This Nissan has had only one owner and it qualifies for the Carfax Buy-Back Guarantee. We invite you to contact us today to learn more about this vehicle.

☆ ☆ ☆ ☆ ☆

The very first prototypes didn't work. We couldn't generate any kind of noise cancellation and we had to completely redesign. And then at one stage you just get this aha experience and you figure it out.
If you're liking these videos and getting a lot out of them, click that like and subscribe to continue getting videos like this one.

☆ ☆ ☆ ☆ ☆

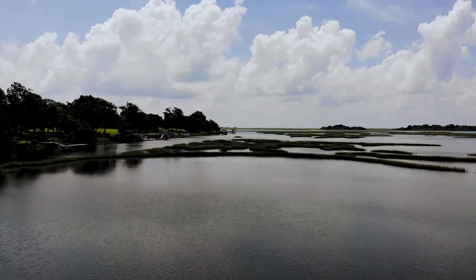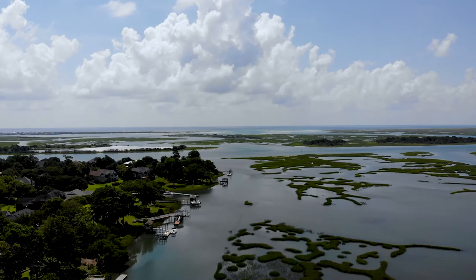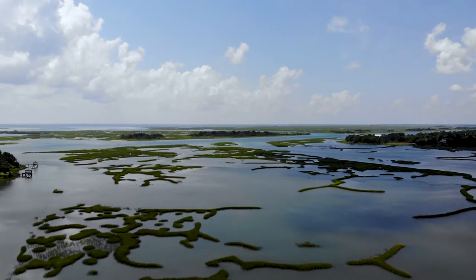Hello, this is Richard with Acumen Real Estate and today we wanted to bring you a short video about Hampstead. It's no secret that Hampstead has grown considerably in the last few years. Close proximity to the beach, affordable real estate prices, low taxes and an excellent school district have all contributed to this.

☆ ☆ ☆ ☆ ☆

Retype, in the same exact form, the lines of the material above from the line holding "The very first" through the line holding "If you're liking".

The very first prototypes didn't work. We couldn't generate any kind of noise cancellation and we had to completely redesign. And then at one stage you just get this aha experience and you figure it out.
If you're liking these videos and getting a lot out of them, click that like and subscribe to continue getting videos like this one.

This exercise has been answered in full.